Recorded information:
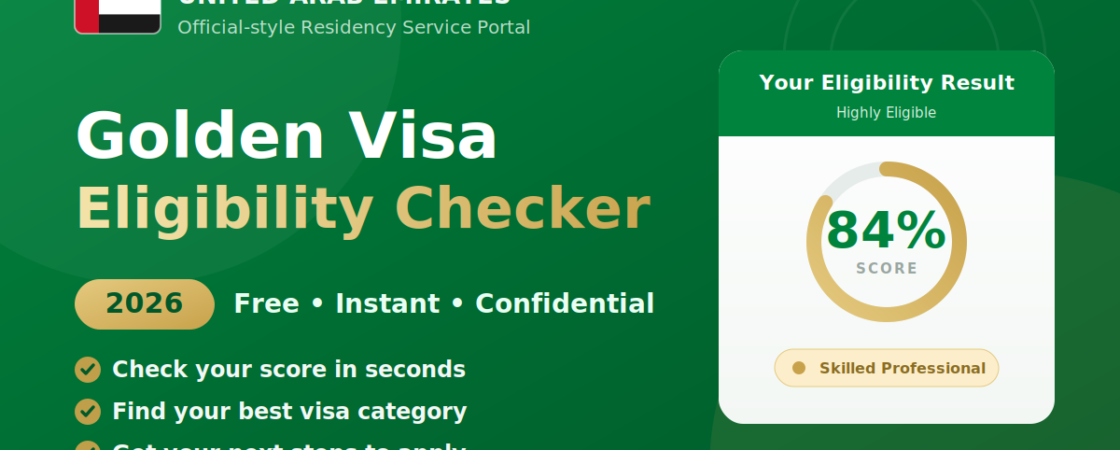 UAE Golden Visa Eligibility Checker 2026 — Free Test, Results in 2 Minutes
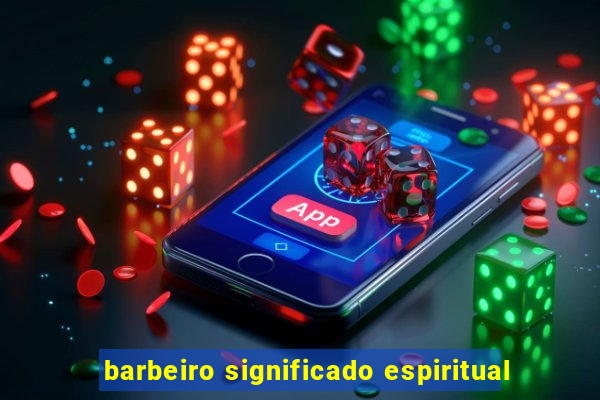 barbeiro significado espiritual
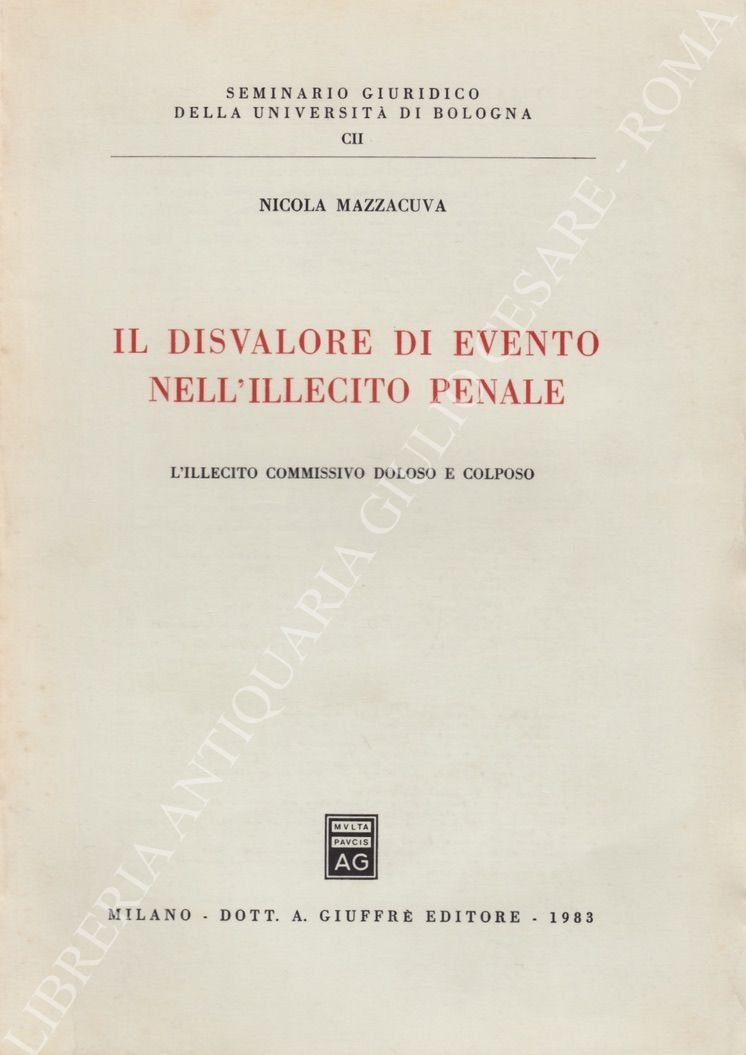 Il disvalore di evento nell'illecito penale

Instructions to follow: Exact copy, no images: rewrite the entire listing above.

Result:
 UAE Golden Visa Eligibility Checker 2026 — Free Test, Results in 2 Minutes
 barbeiro significado espiritual
 Il disvalore di evento nell'illecito penale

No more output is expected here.